А что касается «Никодима», то в утешение и себе и автору можем сказать определённо и – торжественно даже: конечно же, Никодим молодец – от дураков надо бежать, прятаться от них, петляя, запутывая следы! Бежать что есть силы, невзирая на преграды в пути! От дураков с их суетной жизнью, примитивной, нередко хитро мудро расцвеченной моралью, досужими разговорами (трёпом), времяпрепровождением (например, с попойками) вместо полнокровной живой жизни и т. д. и т. д.
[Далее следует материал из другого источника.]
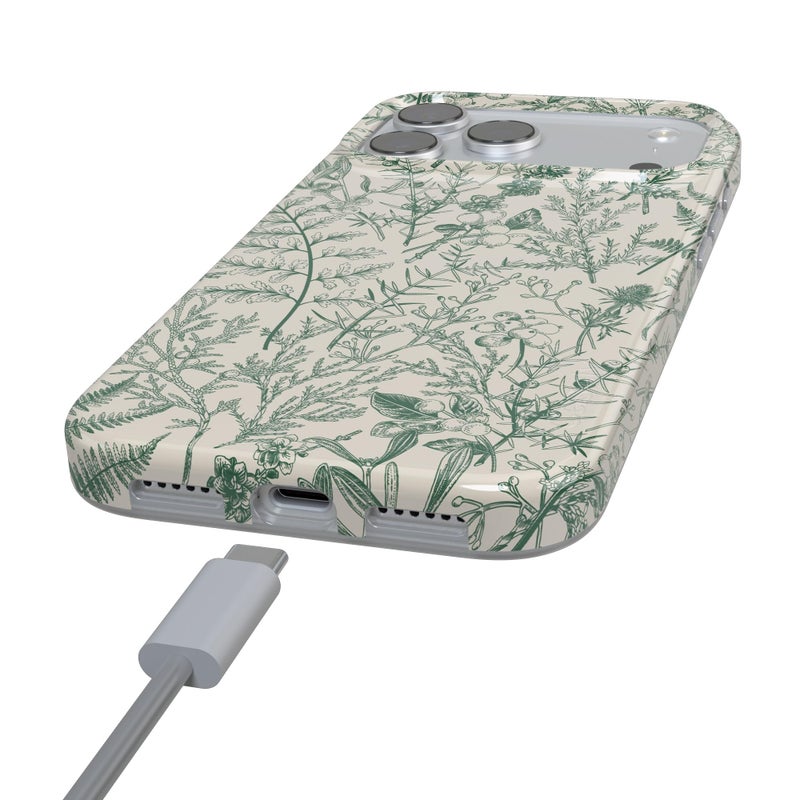 Casely iPhone 17 Pro Case | Sage Garden | Green Floral | Compatible with MagSafe | Classic Ultra Slim Design - Image 4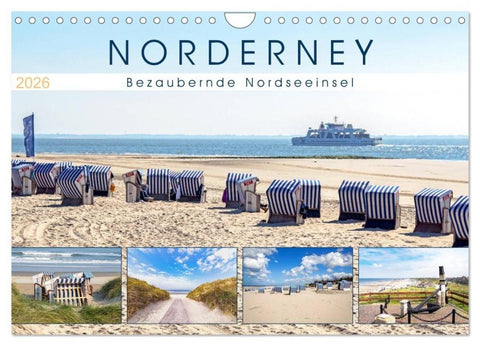 NORDERNEY Bezaubernde Nordseeinsel (Wandkalender 2026 DIN A4 quer), CALVENDO Monatskalender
Надо признать, хороши в книге рассказы – «Седая любовь», «Зелёная дорога», «Старшина в отставке», «Перкалевый самолёт». Там, где автор переходит на поэтические ритмы и колориты, он блещет, поёт подлинными голосами – голосами сердца, раскрывается неожиданными оттенками, деталями. Там же, где пытается быть строго-логичным, злободневным, острым – теряет и блеск, и остроту, скатывается к умствованиям, а то и хотя и к лёгкому, но резонёрству.

Хороша, не надо замалчивать, и повестушка, давшая название всей книге, – «Таёжный хлеб», хотя концовка в ней не вполне прописана и там-сям выползают, как сорняки, занудные длинноты. Ни сюжетом, ни мотивировками созревания героев не удивила она нас, однако – каков язык местами! Здесь мы снова имеем честь лицезреть Александра Никифорова поэтом, лириком, даже стилистом. Когда читал вступление к повести впервые, хотите верьте, хотите нет, – задыхался. «Чёрт тебя дери, Александр Никифоров, какой ты талантище!» – сказал бы я ему в те минуты, если бы он оказался рядом. Перед нами четырнадцать строк высочайшей поэзии, зачем-то, правда, облечённой в язык прозы! Слушайте, внимайте!

Север мой, Север… Север дикий, студёный, бескрайний. Выморозил ты горячку молодости моей. Когда-то непокорные кольца огненных кудрей выправил временем и обкорнал. Остатки выбелил инеем бед, а затем и до бороды добрался, подарив взамен удивительную жизнь. Сколько светлых и жутковато-угрюмых пейзажей ты открыл мне в местах, где не ступала нога человека. Сколько горьких, сколько счастливых судеб переплелось с моей судьбой на твоих необъятных просторах! И хотя я расстался с тобой, мой любимый Север, с мужественными твоими жителями, тьма забвения не застит главного, скорее наоборот, чем дольше живу, тем дороже память о тебе.

Это было давно, это было давней давнего, на заре моей зрелости…

И потом, перечитывая, снова задыхался я. Может быть, ещё и потому, что сам – северянин: родился и жил на Таймыре, потом жил-был и работал в Якутии, на Колыме, бывал по служебным делам на Русском Севере. Задыхался и – грустил. Чудесно. Чудесно!